Finn Juhl - Danish Modernist Master
Danish architect Finn Juhl (1912–1989) is regarded as one of the greatest furniture designers of the 20th century. He was a pioneering figure within the mid-century Danish interior design and the Danish Modern movement. Overseas exposure and fame resulted early in Juhl's career, when he was commissioned to furnish one of the larger delegate rooms at the UN building in New York, and exhibited at the city's Museum of Modern Art while still in his thirties. His collaboration with the American furniture industry helped to act as a catalyst for the rapid expansion of Danish interior design as an international force, and left a legacy that remains an inspiration to many designers to this day.
Høvdingestolen: One of his most famous designs, Finn Juhl designed this chair for the Cabinetmakers’ Guild exhibition in 1949. A distinctive trait of many of Juhl’s chairs are that the seat, armrests and back are separated from the supporting frame. The chair is inspired by the forms of indigenous people’s weapons and tools. Today Høvdingestolen is considered one of Finn Juhl’s masterpieces.
Finn Juhl’s own house is a textbook example of his inspirations and legacy as an architect and furniture designer. He built the house on Kratvænget 15 in Ordrup, in the northern suburbs of Copenhagen, in 1942, adjacent to Ordrupgaard Park. The home is now a permanent part of Ordrupgaard museum. and was opened to the public in April 2008.

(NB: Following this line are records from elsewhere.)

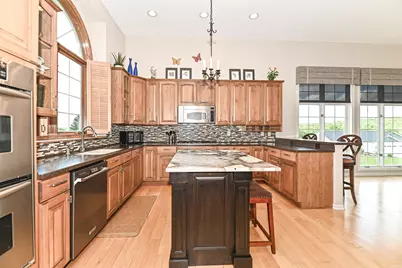 1299  Pheasant Ct, Lake Geneva, WI 53147 - Photo 8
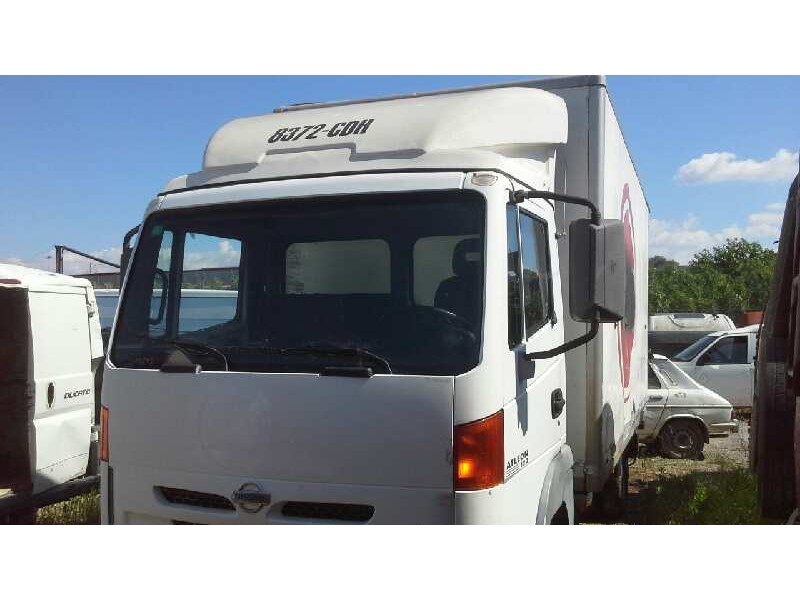 nissan atleon del año 2003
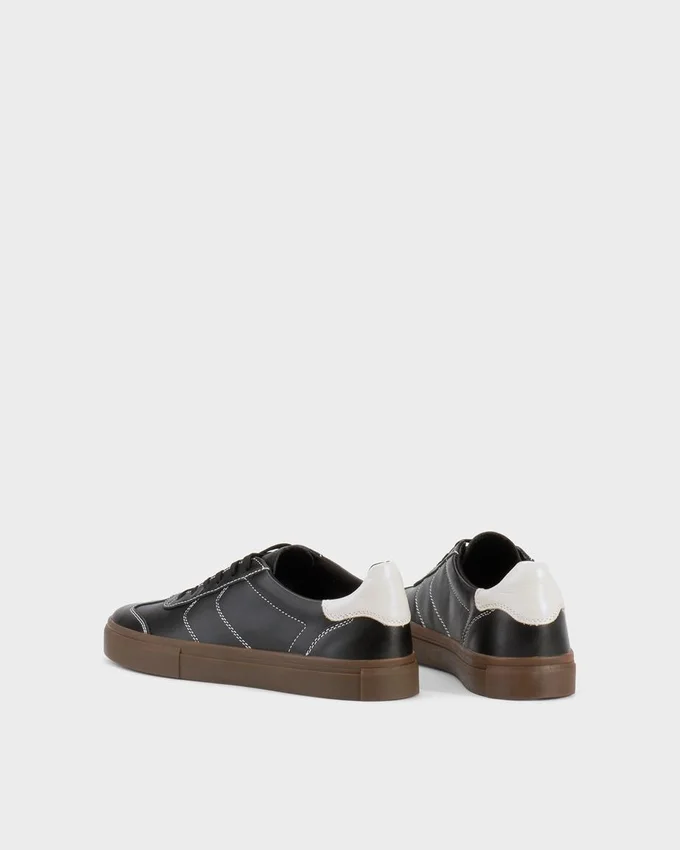 Cody Sneaker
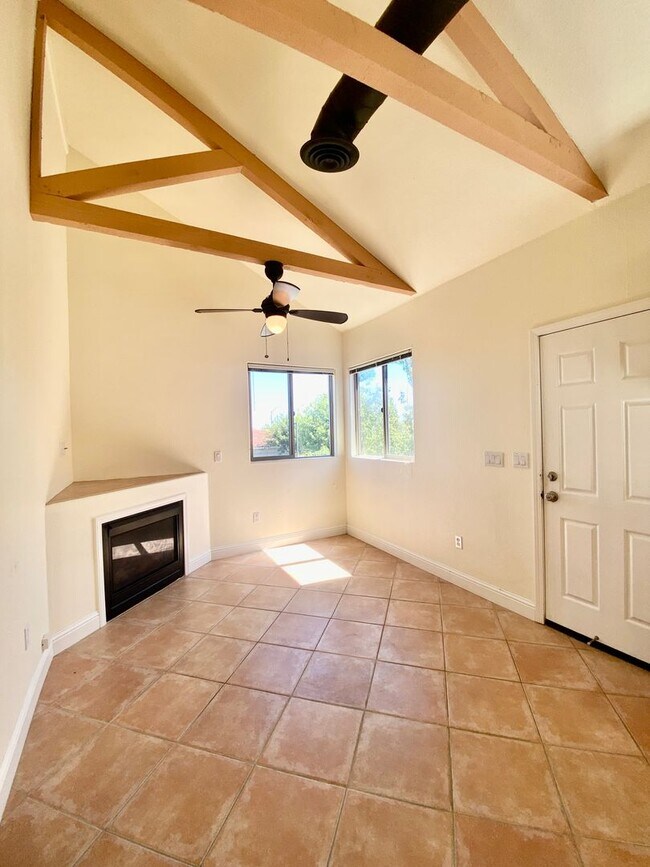 Foto del edificio - West Davis apartment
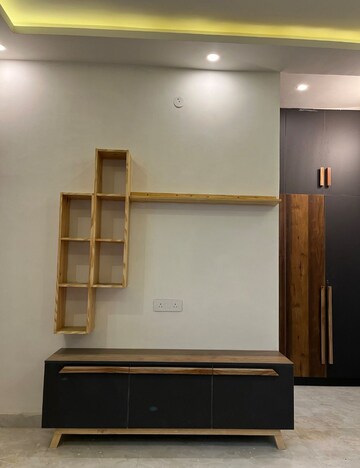 Furnished Amenities in 3 BHK Independent House at Pearls Paradise, Aman Vihar – for Sale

The house represents Finn Juhl’s interdisciplinary thinking, and his broad range of talents, right down to the smallest detail. For Juhl, being an architect did not mean putting the building first, as much as attaining an interplay between the interior design and the materials and colours. The interior design in the house, furniture and materials also set the scene for Finn Juhl’s personal collection of modernist arts and crafts, which along with the architecture, lights and colours create a unique experience.